L’ouvrage rigoureux de Dominique Vergnolle présente une synthèse augmentée et particulièrement argumentée de ce que nous savons sur la genèse et l’histoire du Régime Ecossais Rectifié et plus particulièrement sur sa classe chevaleresque et sa classe secrète.
L’auteur s’inscrit dans la continuité des recherches historiques importantes livrées depuis trois décennies par des spécialistes de la Franc-maçonnerie ou du RER en particulier. S’il ne bouleverse pas les connaissances sur le sujet, il précise ou confirme nombre de points grâce à l’apport exceptionnel du Fonds maçonnique Charles de Hesse conservé par la Grande Loge du Danemark et mis à la disposition de Dominique Vergnolle.
La correspondance entre Charles de Hesse et Jean-Baptiste Willermoz apporte de nombreuses informations sur les événements qui conduisirent à l’établissement du RER.
D’une manière plus générale, nous assistons à la naissance d’un ordre initiatique, à sa lente construction qui prend en compte des forces convergentes, d’autres divergentes et des contextes historiques et sociétaux mouvants. C’est une opportunité pour le lecteur de démystifier les ordres initiatiques, créations humaines complexes, plus ou moins inspirées, plus ou moins abouties, tout en reconnaissant leur fonction, leur intérêt, et le service qu’ils proposent.
En ce qui concerne spécifiquement le RER et l’Ordre des Chevaliers Bienfaisants de la Cité Sainte, les difficultés rencontrées par Jean-Baptiste Willermoz pour mener à bien son projet initiatique de rectification ne font que mettre en évidence la réussite de ce projet caractérisé par une rare cohérence rituelle et doctrinale. Cette « nouvelle histoire » du RER soutient fortement la spécificité et l’intérêt du régime ou du rite.

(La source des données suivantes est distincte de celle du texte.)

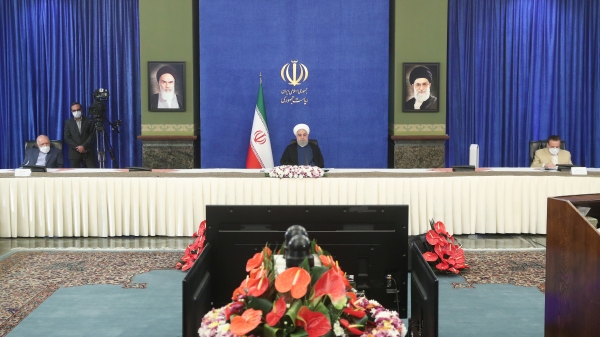 This gov't has run the country in the most difficult conditions under Supreme Leader's leadership, people's resistance, patience/ Inaugurations Thursdays clearly showed that sanctions cannot hinder Iran's development


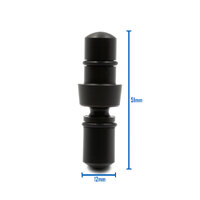 MWK4000 Gouging Torch Spare Part - #7-8  Air Switch Button and O Ring Set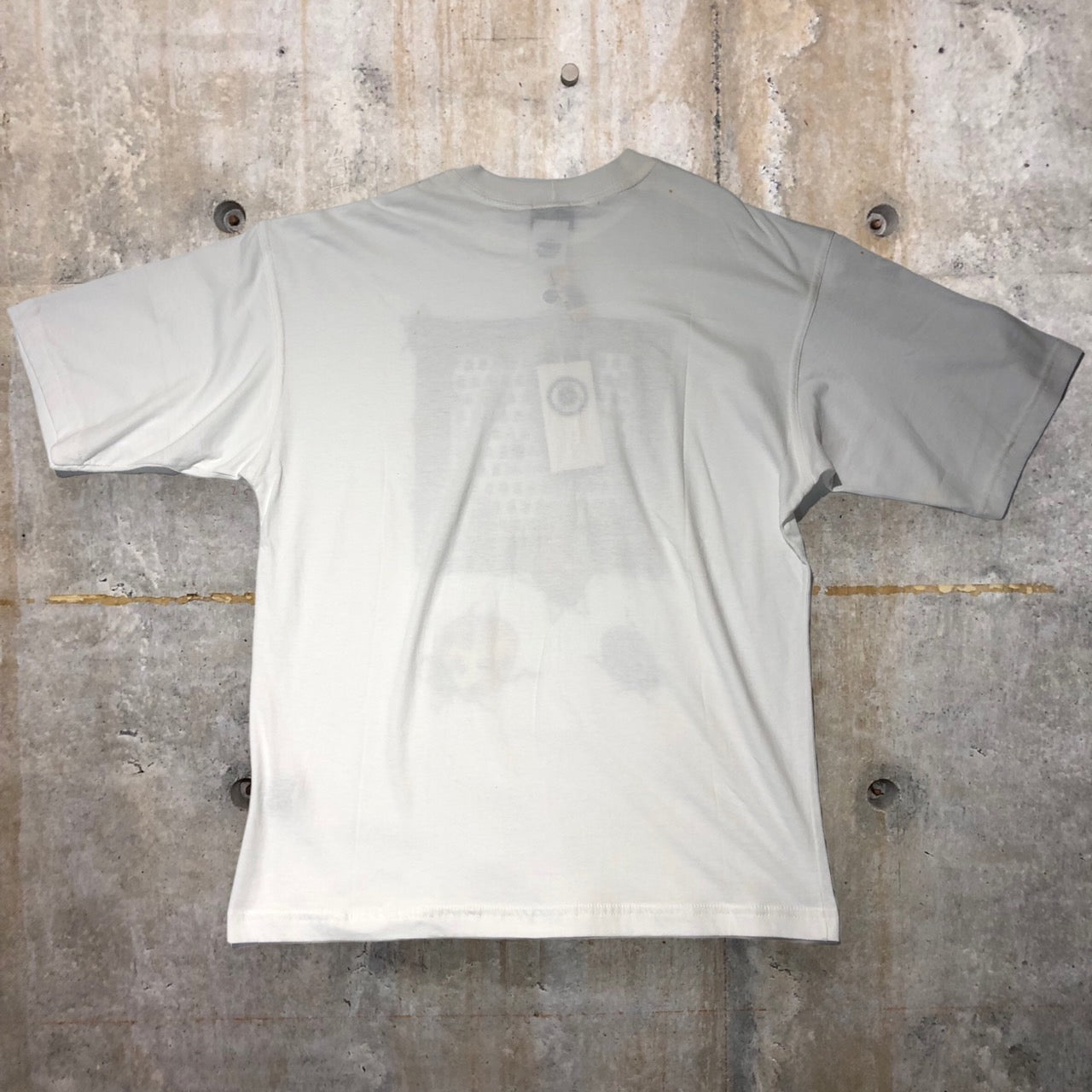 VERSACE(ヴェルサーチ) メデューサロゴTシャツ S ホワイト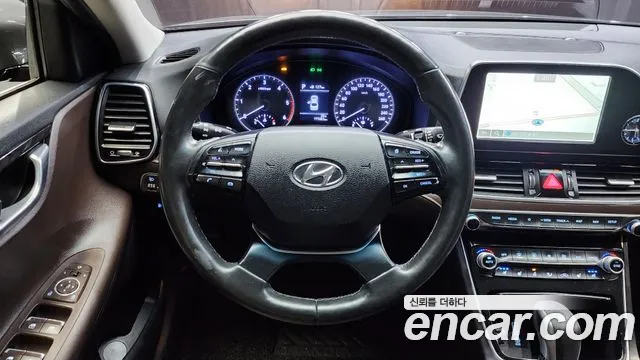 Hyundai Grandeur IG 2018 Серый из Кореи, фото 4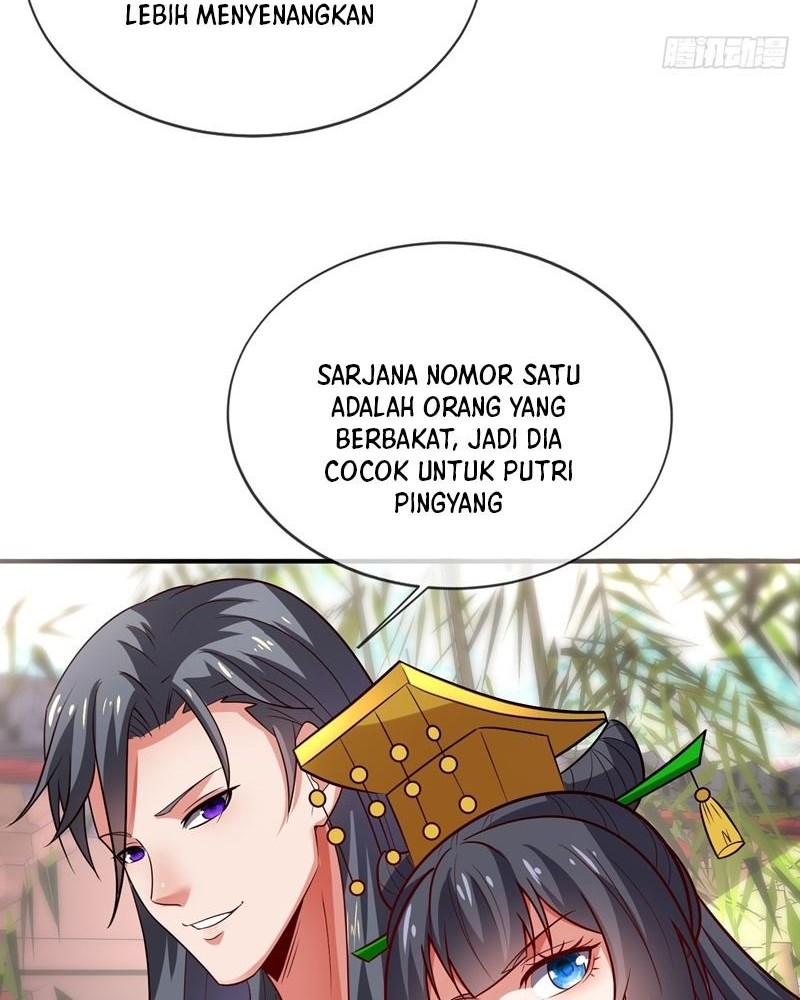 As Soon as I Became a Quasi-Sage, I Was Summoned by the Empress Chapter 20 - halaman 7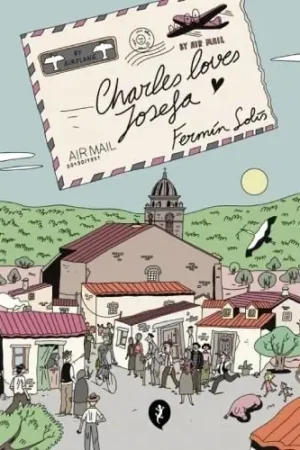CHARLES LOVES JOSEFA Mejor Precio
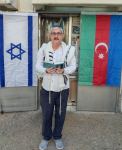 В Израиле молятся о возвращении Нагорного Карабаха Азербайджану (ФОТО)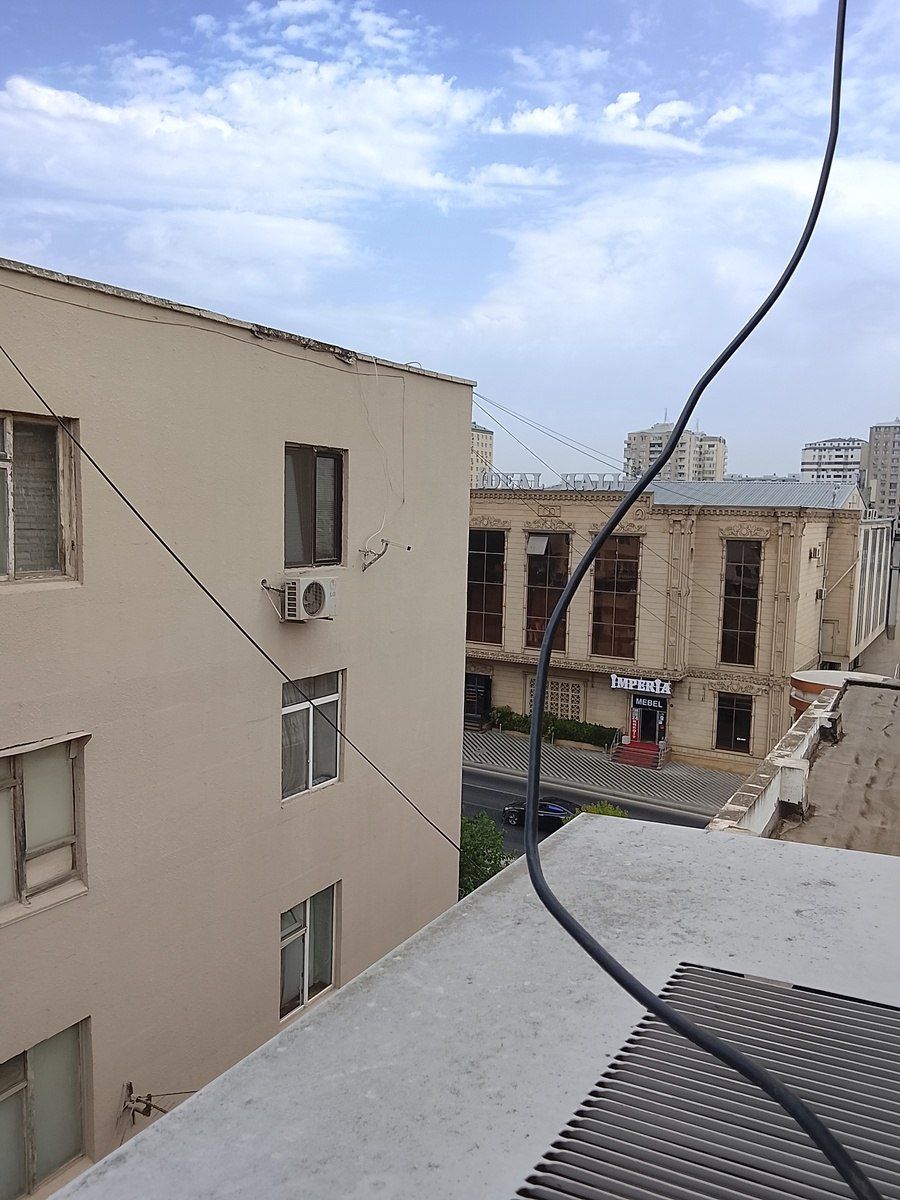 Satılır 1 otaqlı köhnə tikili 35 m² — Mənzil, Bakı (10)
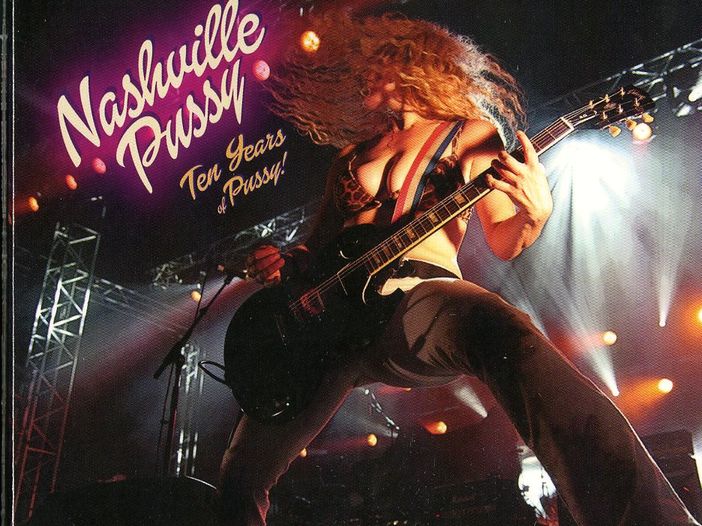 Ex-bassista dei Nashville Pussy scrive ai sui fans Ex-bassista dei Nashville Pussy scrive ai sui fans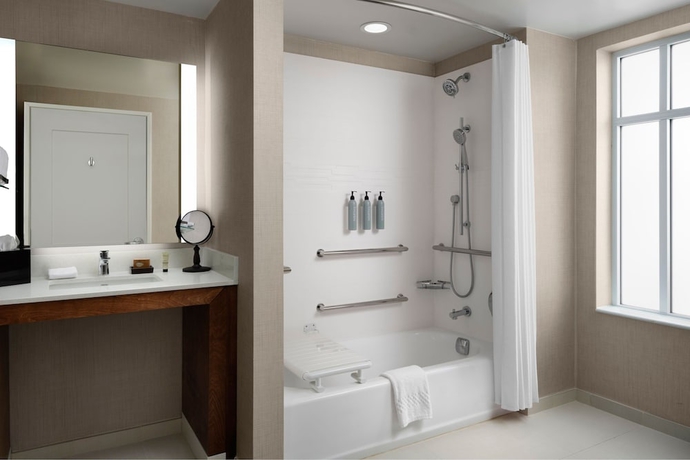 Imagen de la habitación del Hotel Inn at Bellefield / Hyde Park, Residence Inn by Marriott. Foto 4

Dominique Vergnolle met bien en évidence la double matrice du RER, la matrice templariste avec sa composante templière insistante et celle de la doctrine de la Réintégration de Martines de Pasqually et de son Ordre des Chevaliers Maçons Elus Coëns de l’Univers. Jean-Baptiste Willermoz, membre éminent de l’Ordre fondé par Martines de Pasqually, fit de son régime un conservatoire de la doctrine de la Réintégration dans une perspective plus trinitaire et un cadre chevaleresque et maçonnique presque classique.
Dominique Vergnolle rappelle le contexte maçonnique de l’époque avant de retracer presque pas à pas les étapes qui menèrent à l’instauration du RER depuis les premiers pas de Jean-Baptiste Willermoz en Franc-maçonnerie. Les différents convents qui marquèrent ce processus sont étudiés dans le détail y compris les nombreux mouvements en coulisse. Les nombreuses questions qui entourent la classe secrète de la Grande Profession sont posées : instruction secrète, initiation secrète, positionnement, finalité… Tout comme le rapport délicat et souvent encore incompris au templarisme, entre renoncement à la prétention d’une filiation historique avec l’Ordre du Temple mais maintien de l’alliance avec l’archétype du Temple. La définition de la Bienfaisance initiatique, le sens du « Haut et Saint Ordre », de la « Cité Sainte », le choix des emblèmes de l’Ordre, la rédaction des rituels… rien ne fut simple et il fallut à Jean-Baptiste Willermoz une constance exceptionnelle pour mener à bien ce projet.
« Mais, comme le remarque si bien Pierre Mollier dans sa préface, derrière ces questions méthodologiques, il [le lecteur] pourra surtout découvrir la genèse d’un authentique mouvement d’ésotérisme chrétien. Martines de Pasqually, Willermoz, leurs disciples et leurs successeurs ont cherché, derrière la lettre, la lumière de l’esprit premier du christianisme. Le RER et ses quelques milliers d’adeptes témoignent de l’existence – inattendue et encore largement ignorée – d’un ésotérisme chrétien dans la France d’aujourd’hui. Les pages que l’on va lire sont une belle introduction à sa compréhension. »
Ce livre est non seulement bienvenu mais indispensable à qui veut comprendre, et peut-être connaître, le Régime Ecossais Rectifié dans toute ses dimensions spirituelles et sa profondeur initiatique.